When I caught wind that she would be doing the OP and ED for Rosario to Vampire Capu2, I was looking forwards to listening to her songs once again. After giving the album a good listen, I came out with two conclusions. Firstly, the first and third tracks are decent listens (the third moreso than the first), though they are hardly Mizuki at her best. Secondly, you should listen to “DISCOTHEQUE” while watching the OP to see how Gonzo syncs the music to the animation, with the thought that in spite of the excellent work on Gonzo’s part, “DISCOTHEQUE” isn’t particularly good, with or without the accompanying animation.
“Trickster” starts off well with Mizuki jumping right in as the song starts a buildup through the guitar and percussion in the background before finally getting into the core of the song’s melody around the 30-second mark. The level of energy increases, though not as much as one might expect from a Mizuki song. While her voice is as solid as usual, she just doesn’t seem to convey the amount of intensity that she usually does, which makes this song feel somewhat muted. However, do keep an ear out for the segment between 1:59 – 2:23, which is absolutely superb as you hear the awesome guitar work pumps its dose of energy into the song. Aside from that moment, the rest of the song just falls into a realm that’s above average. The ending isn’t too great either as the song quiets down and trails off without providing a real sort of closure. “Trickster” isn’t a bad piece, but Mizuki’s done a lot better that the gap between this and her best works is considerable.
The first thing that came to mind when I heard the opening notes of “DISCOTHEQUE” was the music to Chicago (the film starring Richard Gere, Catherine Zeta-Jones, and Renee Zellweger). It’s not an area in which I’ve heard Mizuki sing and as I listened to the song, it became clear that this type of music doesn’t play to Mizuki’s strengths. Part of the problem comes from the jarring shifts in the tone and atmosphere of the music which jumps from a Chicago-flavored jazzy feel over to generic J-pop fare (think Koda Kumi’s “Real Emotion” here) and back on multiple occasions. The structure of the music is really what’s at fault here as it can’t seem to settle on what sort of genre it wants to be a part of, so it tries to be an amalgam, and an unsuccessful one at that. Like the previous track, the highlight of this piece is the instrumental solo, which occurs around 2:56 where the saxophone is allowed to play a short motive before Mizuki comes back in. Aside from that promising moment, I’d skip this track.
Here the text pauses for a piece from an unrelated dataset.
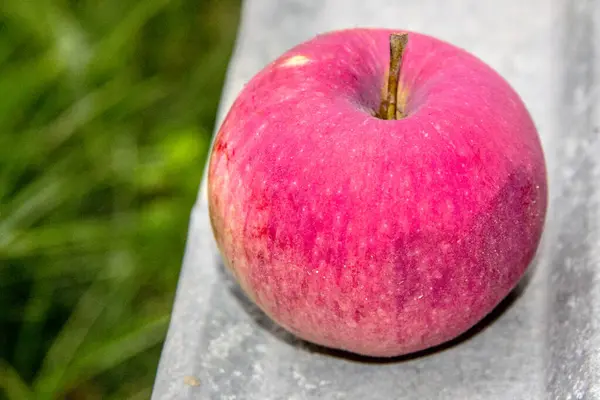 Roter Apfel August Garten — Stockfoto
“Trinity Cross” is probably the closest track on this album to your usual Mizuki fare. The opening somewhat reminds me of Nanoha StrikerS’s “SECRET AMBITION” without the same amount of intensity and emotion, but there’s a lot more of it present here than in the preceding pieces. “Trinity Cross’s” melody channels Mizuki’s style rather well as it showcases her vocal range while maintaining a good amount of intensity, especially when she hits some of the higher registers. There’s also a calming transition starting around 3:09 that feels beautiful for the short period of time that it lasts until the intense melody is reintroduced before it concludes forcefully and resolutely. All in all, the action and energy that this piece evokes makes this song the best track on this album.
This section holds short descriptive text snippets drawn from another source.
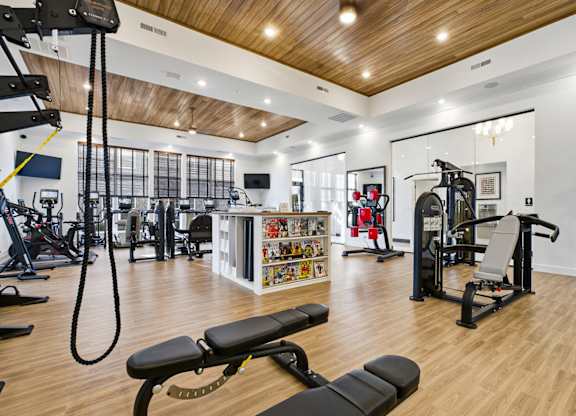A gym with a variety of equipment including a treadmill, weights, and a bench press.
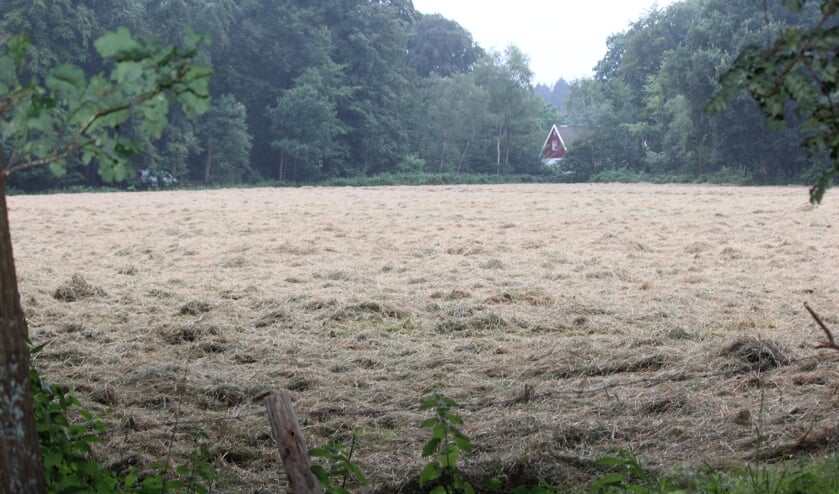 Dit weiland is de beoogde locatie voor een theehuis. Op de achtergrond de Embranchementsweg en de bebouwing Vuurseweg 1.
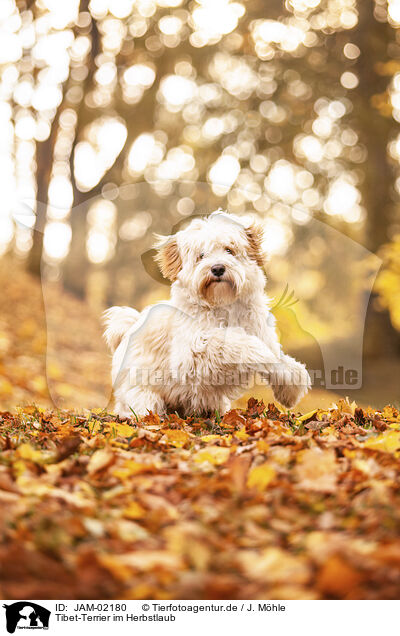 Tibet-Terrier im Herbstlaub / Tibetan Terrier in autumn foliage / JAM-02180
What initially drew me to Nana Mizuki’s music was forcefulness of the emotions she poured forth and the sheer intensity that she puts into her music, both of which are in very short supply in this album. There’s nothing wrong with an artist going outside the styles that they’re good at so that they can experiment around a bit, but in this instance, the experiment didn’t yield particularly great results. Nana Mizuki has released far superior albums, so if you’ve the urge to listen to her music and you don’t want to listen to her more mediocre fare, you should give this album a pass.